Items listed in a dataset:
[Start of section]

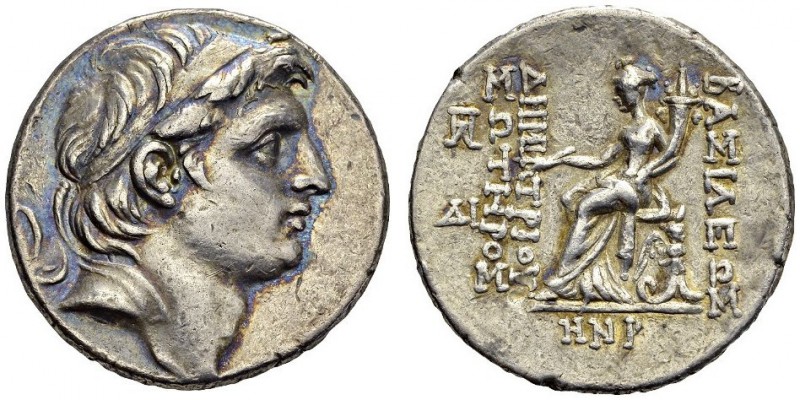 GREECE. Syria. 
 Demetrios I, 162-150. Tetradrachm 158, Antioch. AR. 16.89 g.
...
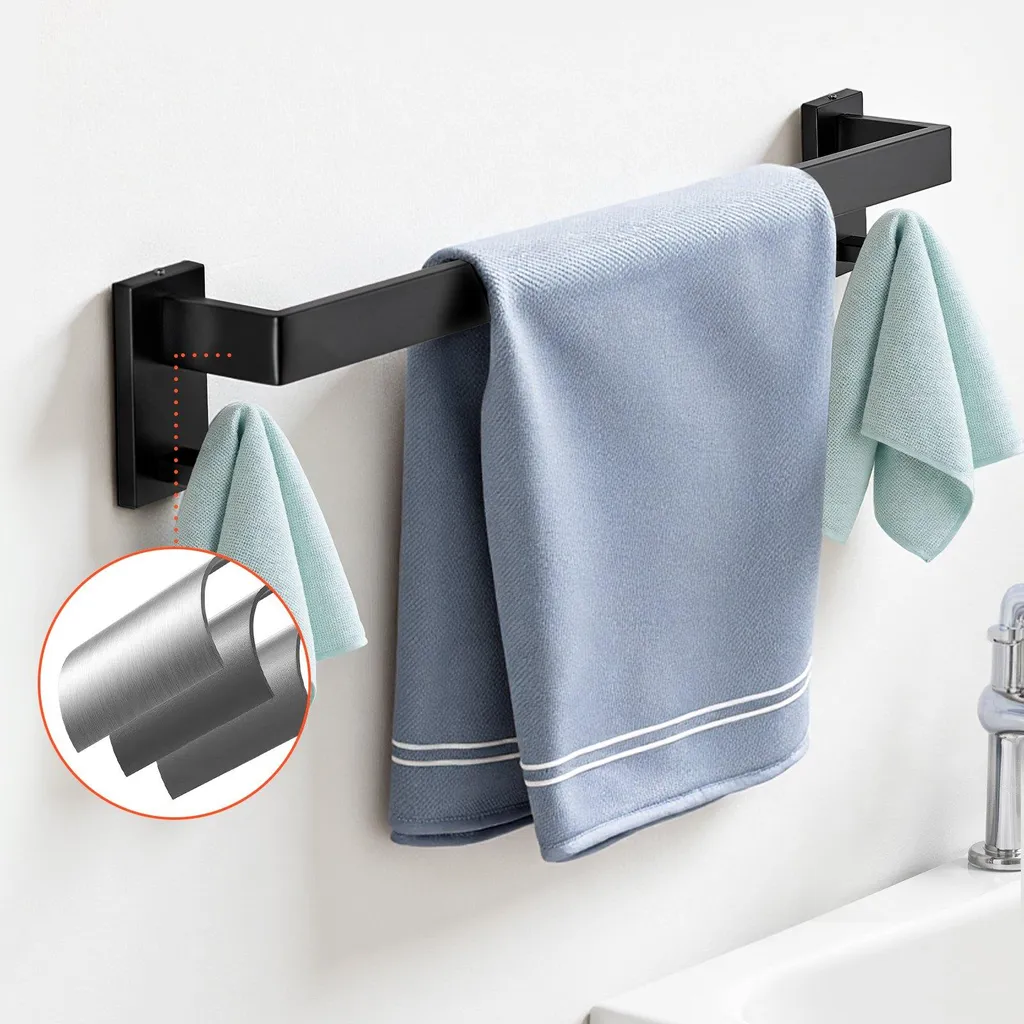 Set Di Accessori Da Bagno Da 10 Pezzi, 2 Portasciugamani, 2 Portarotolo 2 Anelli Portasciugamani 4 Ganci Per Accappatoio Acciaio Inossidabile Fissaggio A Vite Sottile 92247483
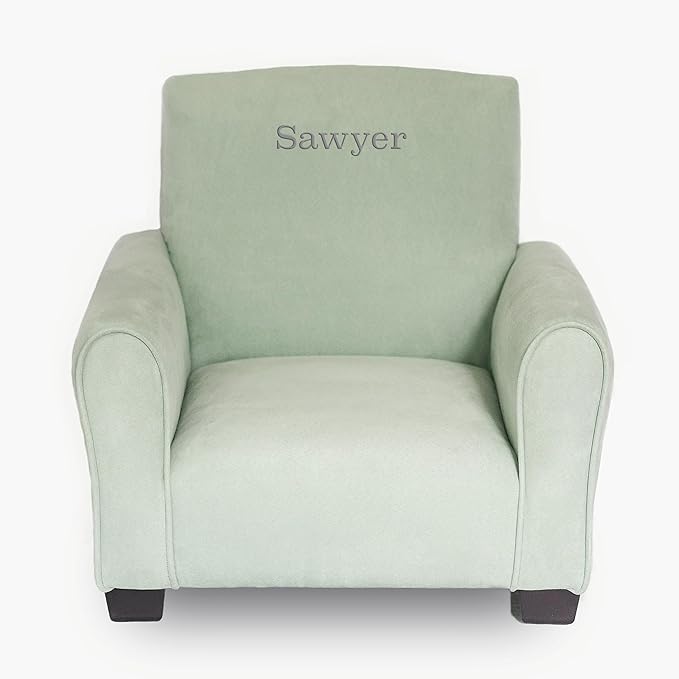 Toddler Personalized Armchair, Kids Upholstered Rocking Chair with Personalization, Toddler Chair with Personalized Name, Comfy Child Armchair, (Seafoam Green Suede, Legs)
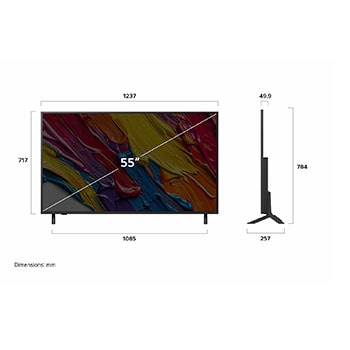 Vy framifrån och från sidan av LG QNED82 AI 4K Smart TV som visar dess längd, bredd, höjd och djupdimensioner.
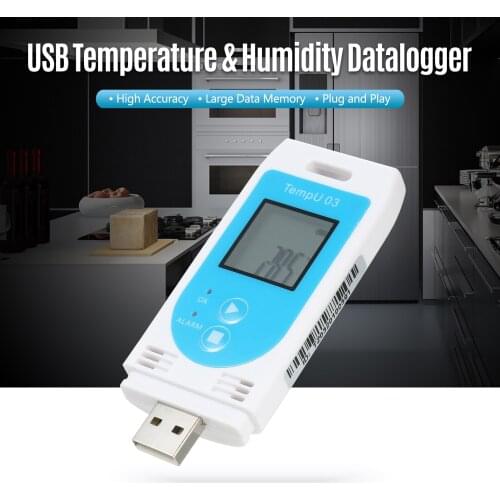 USB Temperature Humidity Data Logger Reusable RH TEMP Datalogger Recorder Humiture Recording Meter with 32,000 Record Capacity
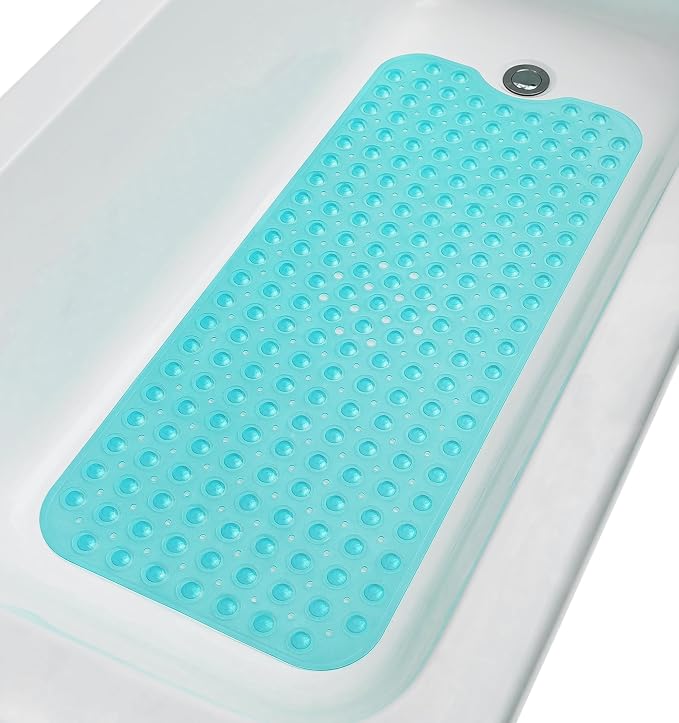 Extra-Long Non-Slip Bathtub & Shower Mat 39”x16” (Smooth/Non-Textured Tubs Only) Safe, Clean, Machine-Washable, Superior Grip&Drainage, Vinyl, Transparent Turquoise (Green-Blue)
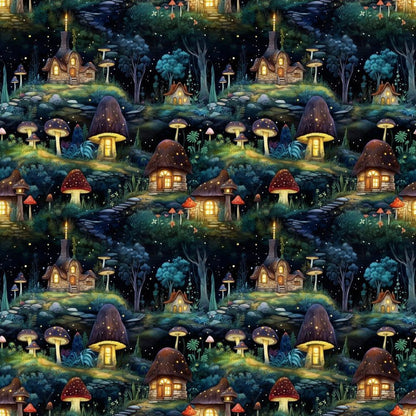 Fairy Houses Pattern 3 Quilting Cotton Fabric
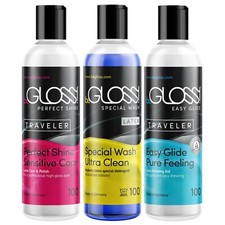 beGloss Latex Care Set 3 x 100ml Latex Rubber Clothing Polish Dressing Aid Clean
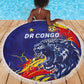 DR Congo Football Leopard Mascot Beach Blanket Fierce Leopard Art National Flag Colors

[End of section]

* **Exercise instructions**
Copy exactly, and copy nothing else: the lines from the start of the data above through the line that holds "USB Temperature Humidity". The pictures stay out.

* **Solution to this problem**
 GREECE. Syria. 
 Demetrios I, 162-150. Tetradrachm 158, Antioch. AR. 16.89 g.
...
 Set Di Accessori Da Bagno Da 10 Pezzi, 2 Portasciugamani, 2 Portarotolo 2 Anelli Portasciugamani 4 Ganci Per Accappatoio Acciaio Inossidabile Fissaggio A Vite Sottile 92247483
 Toddler Personalized Armchair, Kids Upholstered Rocking Chair with Personalization, Toddler Chair with Personalized Name, Comfy Child Armchair, (Seafoam Green Suede, Legs)
 Vy framifrån och från sidan av LG QNED82 AI 4K Smart TV som visar dess längd, bredd, höjd och djupdimensioner.
 USB Temperature Humidity Data Logger Reusable RH TEMP Datalogger Recorder Humiture Recording Meter with 32,000 Record Capacity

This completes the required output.